Humans are messy and complicated. Psychologists and sociologists have put us through proverbial rats’ mazes for decades, hoping to find patterns in our behavior. Every time, our humanness gets in the way.

Social science is not like physical science: drop 10 eggs from the same height, and they’ll all fall. Feed eggs to 10 people, though, and you may get 10 different responses. Did the subject’s mother serve eggs every Sunday for breakfast? How did she feel about her mother? Are eggs the subject’s favorite food? Is he allergic? It all plays a role.

That’s why reporting on social-science studies can be deceptively hard. Sure, each one opens with a theory that seems solid and sensible — an easy news hook. But dig deeper, and you’ll find that most studies raise more questions than they answer.

These tips, aimed at general assignment reporters, can save you from misinterpreting or sensationalizing a researcher’s hot new findings. Even those on social science beats may learn something new.

Read the whole study

This advice may seem obvious, but when you’ve been handed a 20-page study full of academic language two hours before deadline, it can be tempting to read the introduction and then start putting together your story. Academic papers are not written in reverse-pyramid style, however, and sometimes key points — including data that contradict the findings — are buried on the 19th page.

Take, for instance, a study about whether playing a competitive video game would make subjects more aggressive. Aggressiveness was measured by the amount of hot sauce subjects gave each other after playing a game. (Yes, this sounds a little odd, but the study explains it further.) In general, the subjects did reach for hot sauce after a high-stakes game.

But flip through to the limitations section and you learn that the results might be different in other geographic areas or among different ethnic groups. Would test subjects raised with spicy foods view serving hot sauce as an aggressive act? Probably not.

Demographics can skew results in many ways. Look at the sample size, gender and ethnic or socioeconomic factors. The hot-sauce trial included two groups: one of 60 college students and another of 42. Given the tested region’s demographics, they were probably mostly white and all college age. Would the findings apply to African American 15-year-olds, or to Florida retirees?

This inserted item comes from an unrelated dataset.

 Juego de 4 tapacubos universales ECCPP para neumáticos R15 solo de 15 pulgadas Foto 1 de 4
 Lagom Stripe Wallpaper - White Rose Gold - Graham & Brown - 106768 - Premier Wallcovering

These details are worth sharing with readers so they have better context for the findings you’re reporting.

Determine how true-to-life the experiment was

Researchers are always limited by ethical issues that prevent them from, say, subjecting 1,000 kids to 18 years of eating nothing but fast food to determine the health consequences.

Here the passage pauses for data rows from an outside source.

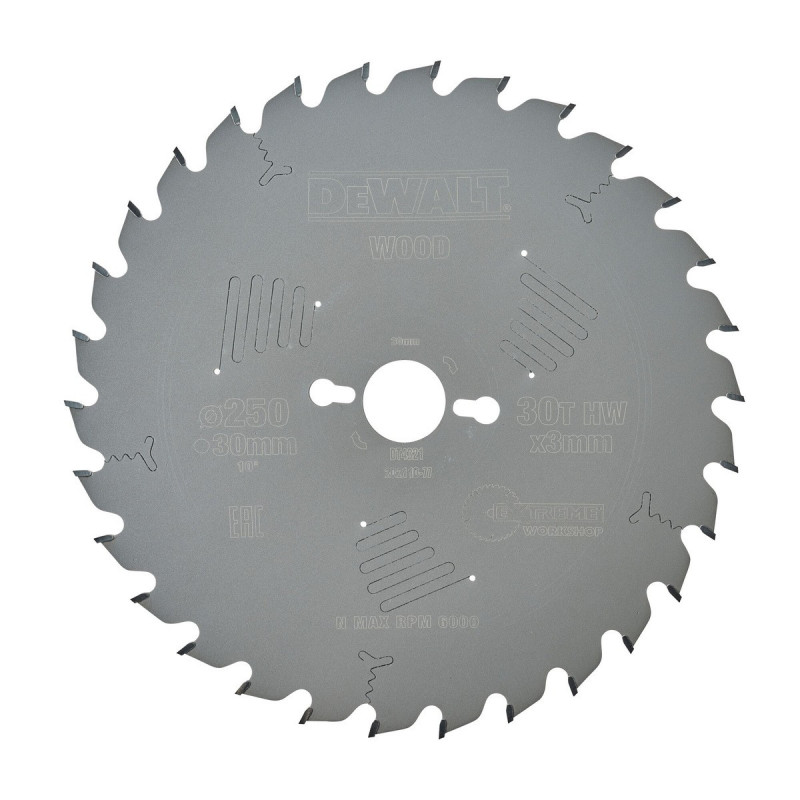 Lame Dewalt pour scie circulaire stationnaire extrême workshop 250 x 30mm - 30 dents | DT4321-QZ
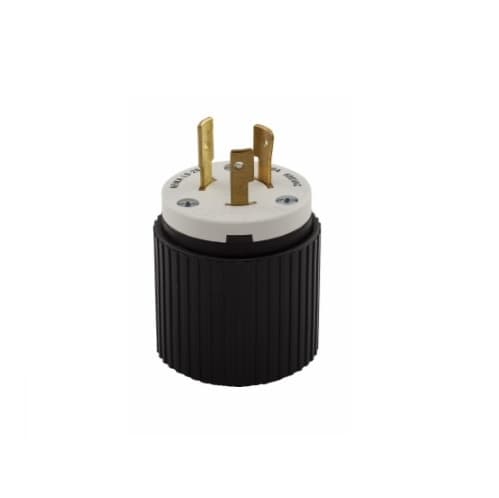 20 Amp Locking Plug, NEMA L9-20, 600V, Black/White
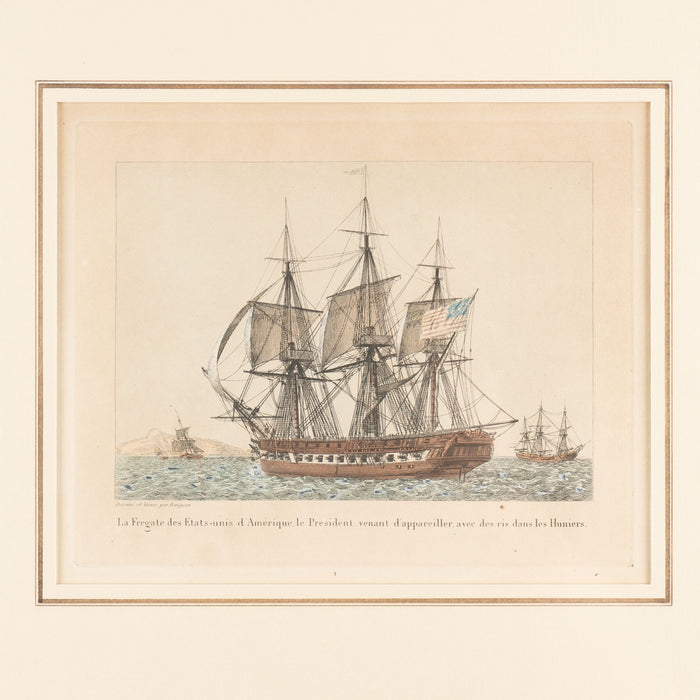 Pair of colored engravings of American ships under sail by Jean-Jerome Baugean (c. 1840)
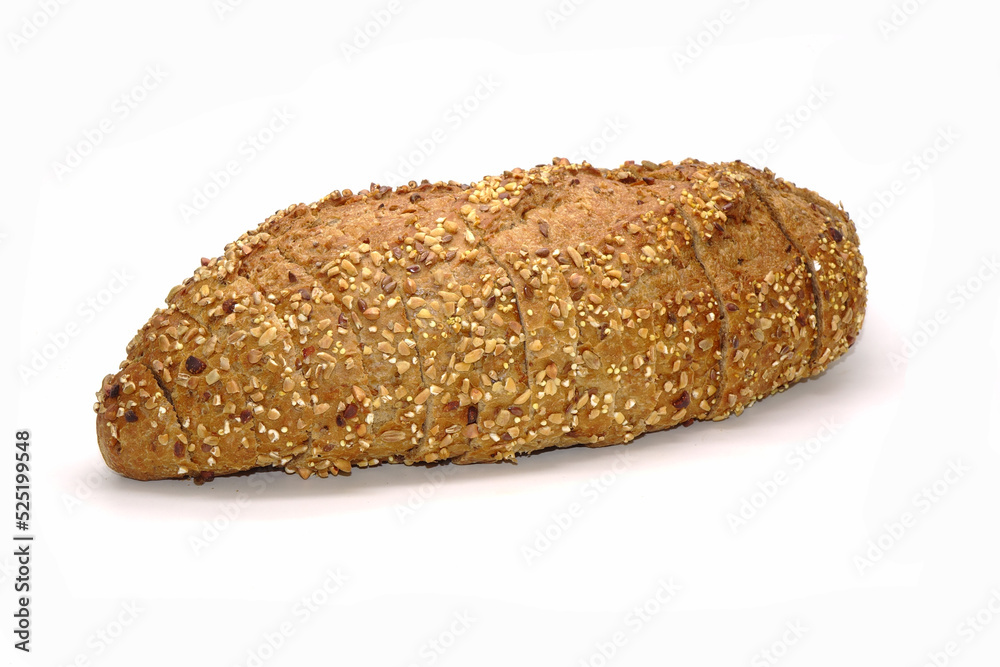 Gluten free bread isolated on white background. Sliced multi grains gluten free bun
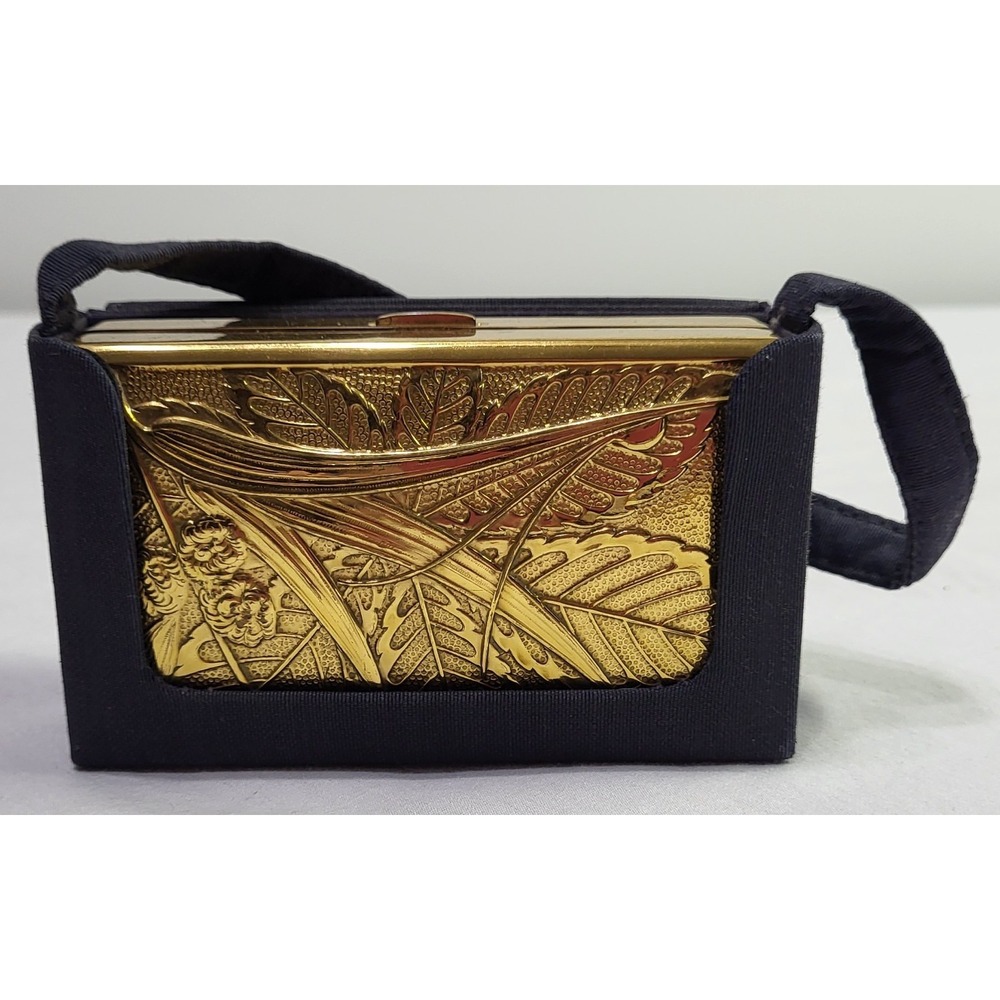 Vintage Elgin American Ladies Minaudiere Leaping Gazelles Compact Case Purse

So they craft lab trials they hope will invoke responses that can be tested and repeated — and that apply to real life. In reality, if video games make college kids aggressive, Sriracha might not be their weapon of choice. So, is using it in a research setting realistic?

Also, just bringing people into a lab can taint research. People act differently when they know they’re being studied. In addition, being asked to do something they normally wouldn’t do (such as serve cups of hot sauce to strangers) can change their behavior.

Case-control and longitudinal studies are rarer, but they provide more reliable information about the populations in question, either because they have a large pool of subjects, the subjects were studied for a long time in real-life settings, or both.

Ask: Could the findings be backward?

Reporters who spent time in college sociology courses heard the phrase “correlation is not causation” almost as often as the five Ws. It’s easy to forget this maxim when a study reveals a link, for instance, between teen depression and listening to heavy metal. Plenty of journalists would go ahead and say the music caused bad feelings — that’s what many people believed in the 1980s, right?

However, the correlation could go the other way: maybe depressed people seek out heavy metal to make themselves feel better. In fact, that’s just what heavy metal fans reported.

When reporting on such studies, resist the urge to imply one thing causes another. And, if you suspect the correlation could be reversed, make time to find a source who can discuss the other side.

Look for bias

Remember when I said humans are complicated? That’s true of researchers, too. Many do their best to remain objective — and to find objective results — but our tendency to look for patterns or to see what we’re expecting can get the best of us.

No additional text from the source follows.